The light changed, she let off the brake, and we rolled down the hill. I had forgotten her lax way of driving. I had forgotten my project, with its advance, its insufferable demands, its problem a pearl: Lisa, blonde-brown hair, dense brown eyes, one with a tiny green speck. Lisa, intrepid yet easy. Unlike me with my push, she was pulled forward. Vanda slid a cassette into its slot and I sensed her mood deepen. I sensed a lucid calm in her body as The Next Whisky Bar carried on. The city swept by, roller coaster-like music continuing till lyrics resumed. We funneled down a rocky-walled road, the clatter of paving stones felt in my teeth. The walls listed inward and I retracted an elbow. A square of sky between homes opened up, the monument to Christ moving through. I looked forward to a choice between overpass and tunnel as a crossroads approached. In the tunnel-darkness I recalled Lisa, camera in hand, placing one foot in front of the other as we strode over the wine-purple grass of Wyoming, surging under a storm. In the tunnel-darkness I recalled Vanda’s release of natural happiness at the restaurant. Her complexion—alive and light and smooth—had also been fluid with grief. We shot into daylight and my hands pressed my knees as we went flat and fast for the Bairro Alto.

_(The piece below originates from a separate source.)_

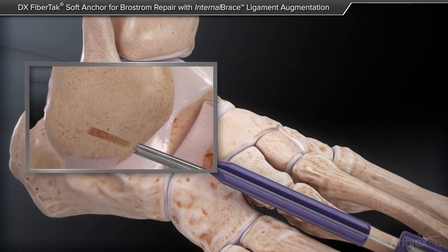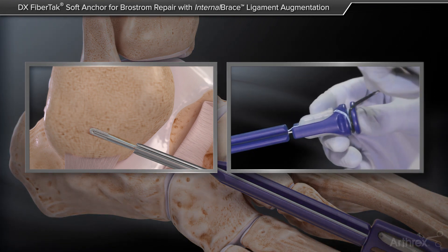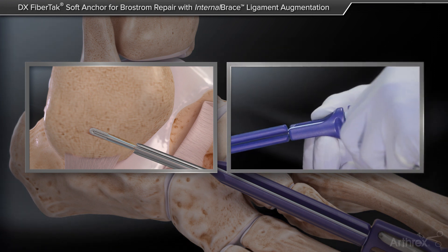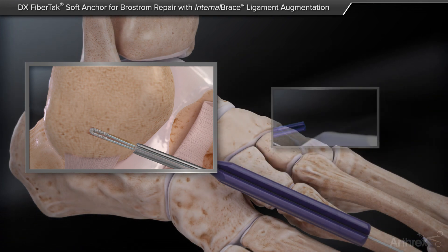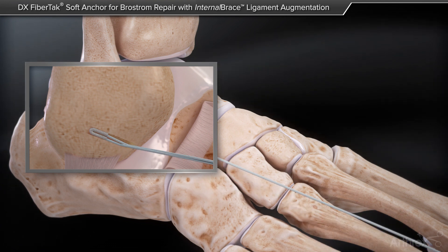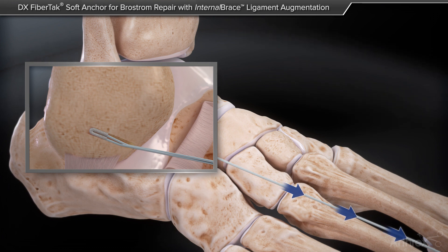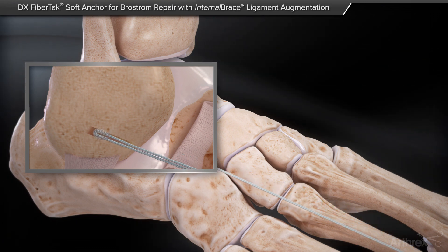Keeping the drill guide in place, the FibreTac anchor is inserted and impacted until the handle is flush with the drill guide. Remove the suture release tab, needle protector, and suture from the anchor body as shown. The open slot in the guide allows for easy removal of the sutures from the drill guide. After removal of the drill guide, the anchor is initially set in the bone by pulling back on the sutures, which firmly sets the anchor in the bone.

Vanda, blasé, swooshed up labyrinthine streets. She hardly touched the lower part of the wheel, elbows in lap, languorously slouched toward the door. The road rushed toward her—forking, cresting, cars lurching out from blind corners – as if inducing a contemplative mood, a woozy embrace of whatever occurred.
I’m here, I said.
Here on the right.
She pulled over, clicked off The Doors and I rolled up my window. Silence sealed us. In the stillness, in the compact car and in all parts of my body, desire unfolded. The engine ticked and when we said good-bye with the brisk touch of our cheeks she was warm. Thank you for lunch. You’re welcome, she said, then, Sorry about the blood. Her mouth compressed with a slight shake of the head. Sophia…she said. We quietly laughed in the car. Laughing felt unfamiliar, like the space on the other side of a rule, and when How about tomorrow? fell from my mouth, it sounded odd, as if it tumbled out unawares, then tried to dust itself off. She smiled, exhaled smoke, the five short words she spoke—Men are all the same—a gentle mix of condemnation and acceptance, like some ancient phrase that just needs to be stated, followed by a look that said: so let’s not pretend. On-the-level Vanda. Who always wore black.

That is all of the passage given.